Agents Who Represent Single Titles Instead Of The Author Are Con-Artists
Do you have an agent?
If no, you need to look into getting one. To make it to the real big time in the writing industry, you really need representation. Yeah, you can make some money on your own, but not much. (While 100% empirical and based only on casual chats with a few dozens of other professional writers, the limit for non-represented authors looks to be in the $125,000 a year range, and even that’s hard to get. Some of you may be thinking, “Wow! That would be great!” I know there are a fairly large number of you reading this who could be doing ten or more times that.)
If you answered “yes”, are you sure your agent is really working hard for you? In many cases, I’ll bet you’re wrong.
For the purpose of this discussion, I use the term “agent” to mean the traditional literary agent as most authors understand it and are familiar with.

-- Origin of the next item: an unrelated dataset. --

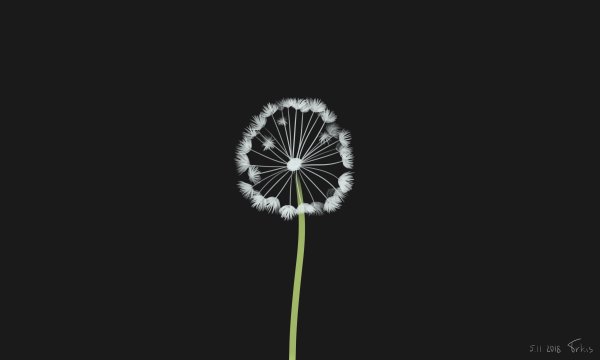 Одуванчик Минимализм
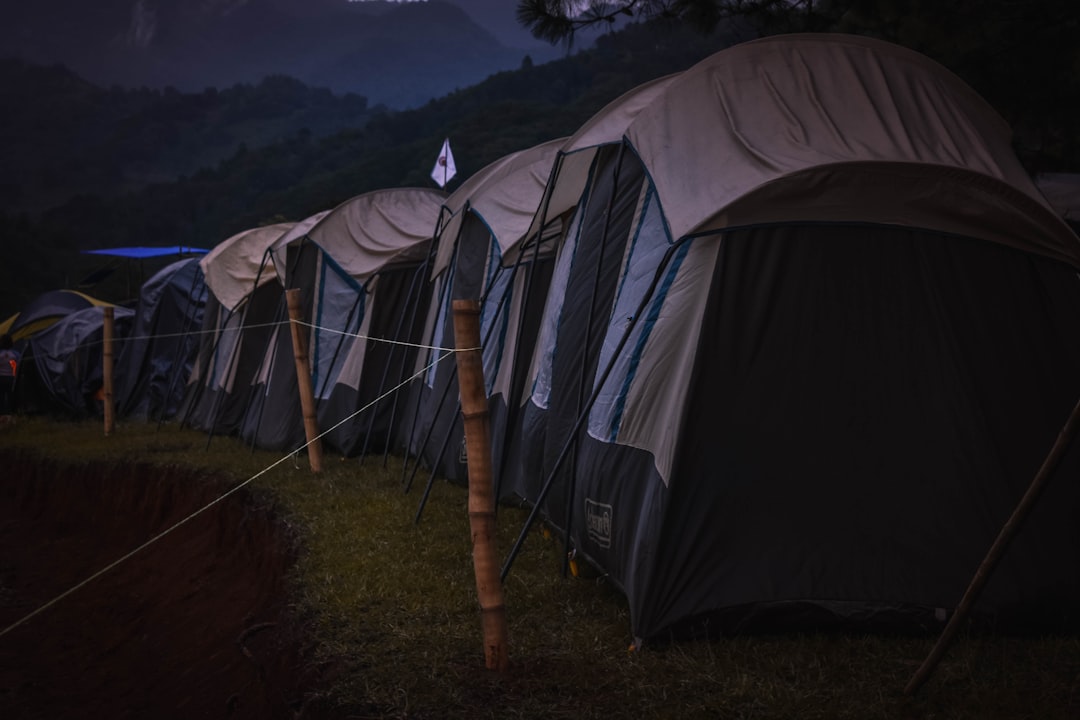 black and grey tents on green grass field,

On the other hand, I use the term “representative” to mean something more, something more closely resembling a talent agent.
Most of the agents out there represent a single book at a time. You send them your manuscript, they read it, and they might accept that story. Then they shop it around and try to sell it to a publisher for you. You then write another story and send it to the agent, and they may or may not accept that one to represent.
WTF is that game?
A representative doesn’t pick and choose stories to accept from a writer. They represent the writer, not a single title. They take the good (and every writer will eventually create a great story) along with the bad (and every writer will produce a steaming pile of crap now and then).
A representative knows the market and the publishers and will work with the writer to make every story better and more attractive to publishers. In most cases, a representative will know after reading a few pages just exactly what publisher to pitch the story to for sale, and they will work with the writer to make the story the best it can be in order to make that sale.
And, as an aside, the representative will know when to bypass the publishers and go instead to producers and studios to get something on video.
When you consider that the best estimates for book releases are in the two-million per annum range and less than 2,000 (0.1%) of these sell more than 25,000 copies, you need all the help you can get.
A representative has editors to pre-edit the story. Simply put, the less editing the publisher has to do, the more likely they are to buy the story, so the representative gets it ready before the publisher ever even sees it.
Sometimes, after reading a story, a representative will come back to the writer and say, “…this is great! I’m gonna have publishers beating down the door for this one!” Other times, they may say something like, “Wow…this really sucks a big one, but if we make a few changes here and there, I can sell it. Just don’t buy that new Mercedes yet.”
So, how can you tell the difference between a typical agent and a representative? That’s actually pretty easy…
The first clue is that an agent will want to see your current story and not much more. That’s because all they want to sell is your current story. A representative will want to see the current story you have for sale AND pretty much everything else you have ever written. This is because the agent wants to sell your book but the representative wants to sell YOU.
Another hint is that many agents will try to impress you with long lists of their clients. Actual representatives rarely tell who they work with. And the reps will almost never accept unsolicited submissions…they will contact you.
The next tip is that an agent doesn’t care where you want to be in the industry in five years. A representative cares about how much you want to make, how much time you want to spend with your family, and other things like that because they are looking at the writer as a product to sell, not just the current book.
Agents and representatives are both motivated by money and they are both, essentially, sales people. They are both selling a product, but the product is different.
The agent wants to sell your book. In other words, “How much money can I make selling this story?”
The representative wants to sell you. In other words, “How much money can I make selling this author?”
See the difference here?
Representatives also tend to think long-term while agents think more in the short-term.
In case you’re wondering, all the reps in the industry that I know of charge about the same 15% off the top that agents charge.
Think about things…again, if you really want to make it to the big time, you will need some sort of help.